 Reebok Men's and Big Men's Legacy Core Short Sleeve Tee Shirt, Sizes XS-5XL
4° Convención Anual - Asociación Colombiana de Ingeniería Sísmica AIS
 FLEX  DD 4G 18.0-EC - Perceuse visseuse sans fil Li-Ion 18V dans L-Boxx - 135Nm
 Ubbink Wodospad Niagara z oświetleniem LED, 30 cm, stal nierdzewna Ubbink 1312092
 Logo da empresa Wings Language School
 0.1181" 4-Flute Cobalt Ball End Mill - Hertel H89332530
********************
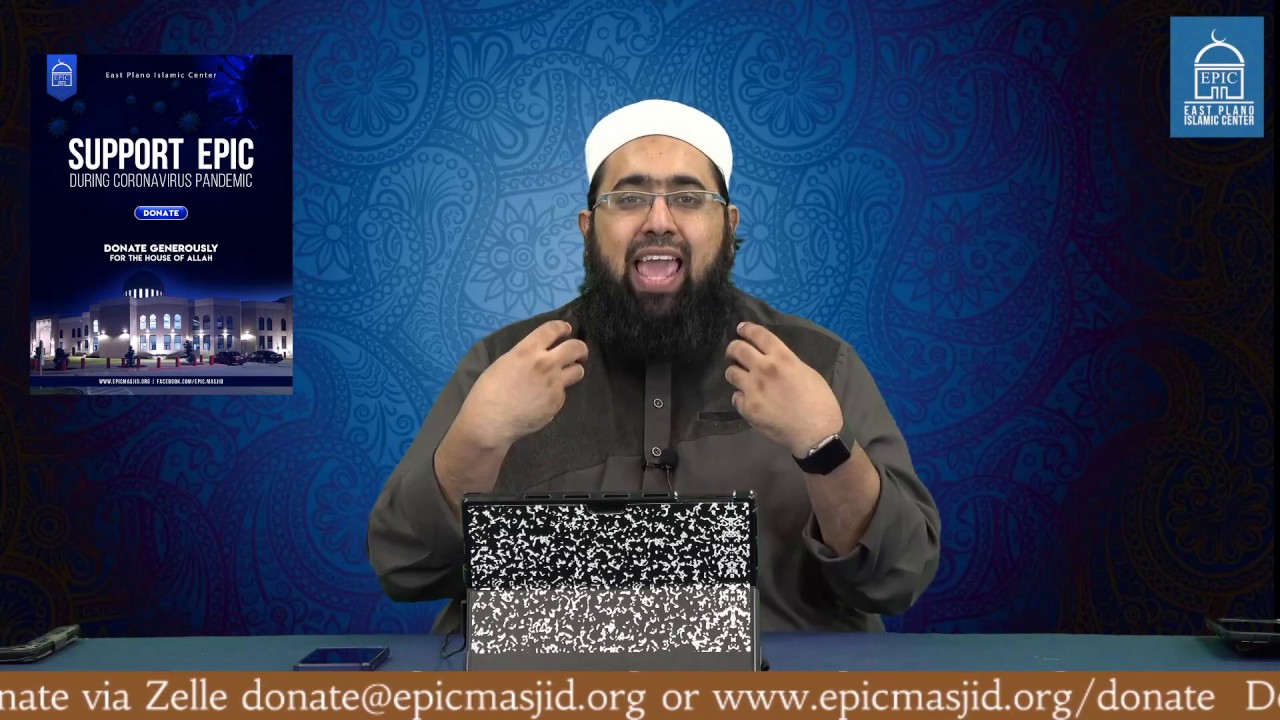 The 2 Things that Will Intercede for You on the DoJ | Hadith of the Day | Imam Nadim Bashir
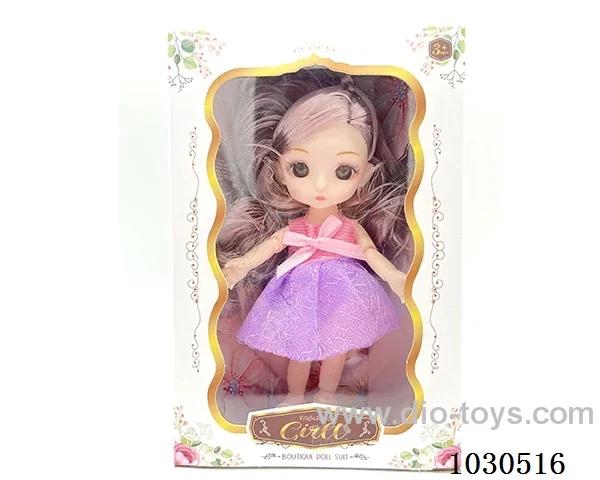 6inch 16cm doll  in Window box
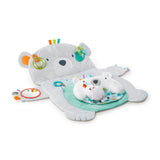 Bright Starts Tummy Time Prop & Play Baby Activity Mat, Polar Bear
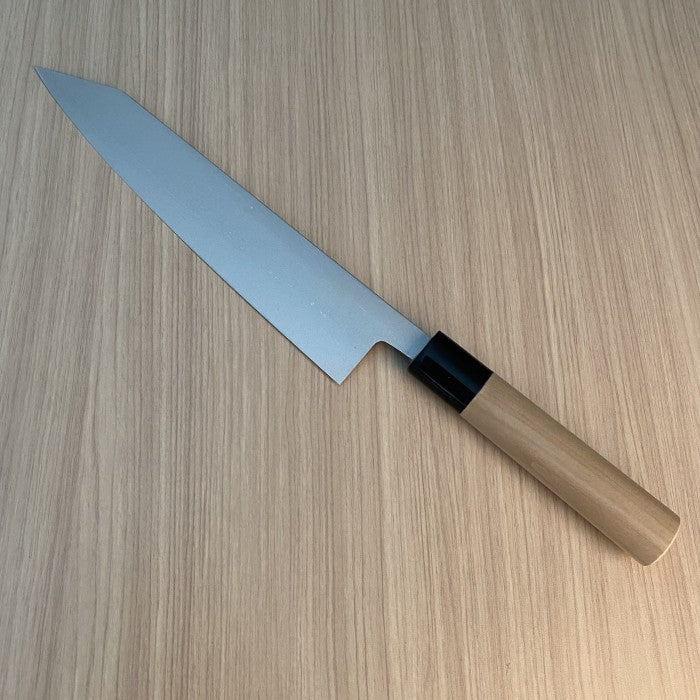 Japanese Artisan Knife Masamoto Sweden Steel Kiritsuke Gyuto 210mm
********************
## DIRECTIONS
Return, word for word, the lines of the data above from the line with "Reebok Men's and" through the line with "- Hertel H89332530", inclusive.

## SOLUTION TO THIS EXERCISE
 Reebok Men's and Big Men's Legacy Core Short Sleeve Tee Shirt, Sizes XS-5XL
4° Convención Anual - Asociación Colombiana de Ingeniería Sísmica AIS
 FLEX  DD 4G 18.0-EC - Perceuse visseuse sans fil Li-Ion 18V dans L-Boxx - 135Nm
 Ubbink Wodospad Niagara z oświetleniem LED, 30 cm, stal nierdzewna Ubbink 1312092
 Logo da empresa Wings Language School
 0.1181" 4-Flute Cobalt Ball End Mill - Hertel H89332530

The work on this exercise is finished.